Chapter 4: Regression
Activity 7: Printing Various Attributes Using Model Object Without Using the summary Function
First, print the coefficient values using the following command. Make sure the output is like the output of the summary function using the coefficients option. The coefficients are the fitted values from the model that uses the OLS algorithm:
multiple_PM25_linear_model$coefficients
The output is as follows:
(Intercept) DEWP TEMP Iws 161.1512066 4.3841960 -5.1335111 -0.2743375
Find the residual value (difference) of the predicted and actual values of PM2.5, which should be as small as possible. Residual reflects how far the fitted values using the coefficients are from the actual value.

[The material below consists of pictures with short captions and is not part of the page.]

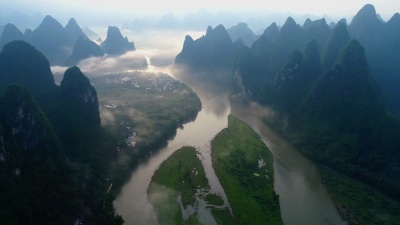雾丽江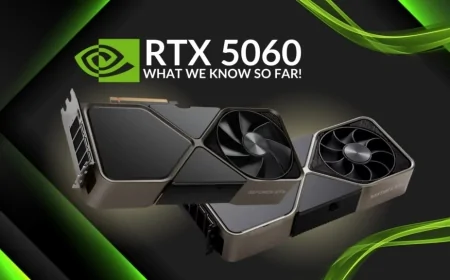 Nvidia GeForce RTX 5060 Ti'nin teknik detayları ve çıkış tarihi ortaya çıktı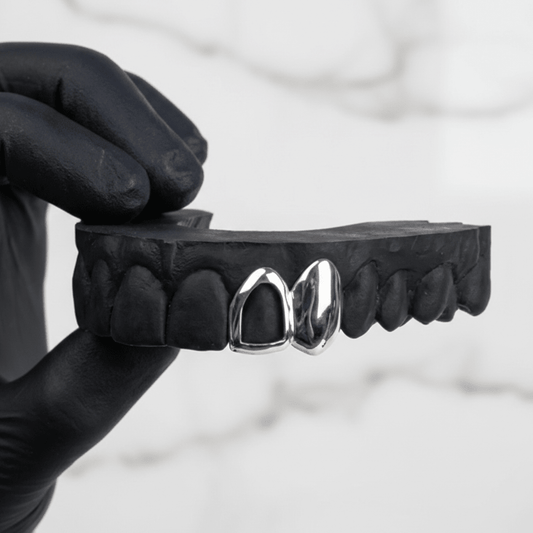 PRISM (SILVER GRILLZ) - White - HC Grillz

multiple_PM25_linear_model$residuals
The output is as follows:
25 26 27 28 17.95294914 32.81291348 21.38677872 26.34105878 29 30 31 32
Next, find the fitted values that should be closer to the actual PM2.5 for the best model. Using the coefficients, we can compute the fitted values:
multiple_PM25_linear_model$fitted.values
The output is as follows:
25 26 27 28 29 111.047051 115.187087 137.613221 154.658941 154.414781 30 31 32 33 34
Find the R-Squared values. They should look the same as the one you obtained in the output of the summary function next to the text Multiple R-squared. R-Square helps in evaluating the model performance. If the value is closer to 1, the better the model is:
summary(multiple_PM25_linear_model)$r.squared
The output is as follows:
[1] 0.2159579
Find the F-Statistic values. Make sure the output should look same as the one you obtained in the output of the summary function next to the text F-Statistics. This will tell you if your model fits better than just using the mean of the target variable. In many practical applications, F-Statistic is used along with p-values:
summary(multiple_PM25_linear_model)$fstatistic
The output is as follows:
value numdf dendf 3833.506 3.000 41753.000
Finally, find the coefficient p-values and make sure the values should look the same as the one you obtained in the output of the summary function under Coefficients for each variable. It will be present under the column titled Pr(>|t|):. If the value is less than 0.05, the variable is statistically significant in predicting the target variable:
summary(multiple_PM25_linear_model)$coefficients[,4]
The output is as follows:
(Intercept) DEWP TEMP Iws 0.000000e+00 0.000000e+00 0.000000e+00 4.279601e-224
The attributes of a model are equally essential to understand, especially in linear regression than to obtain the prediction. They help in interpreting the model well and connect the problem to its real use case.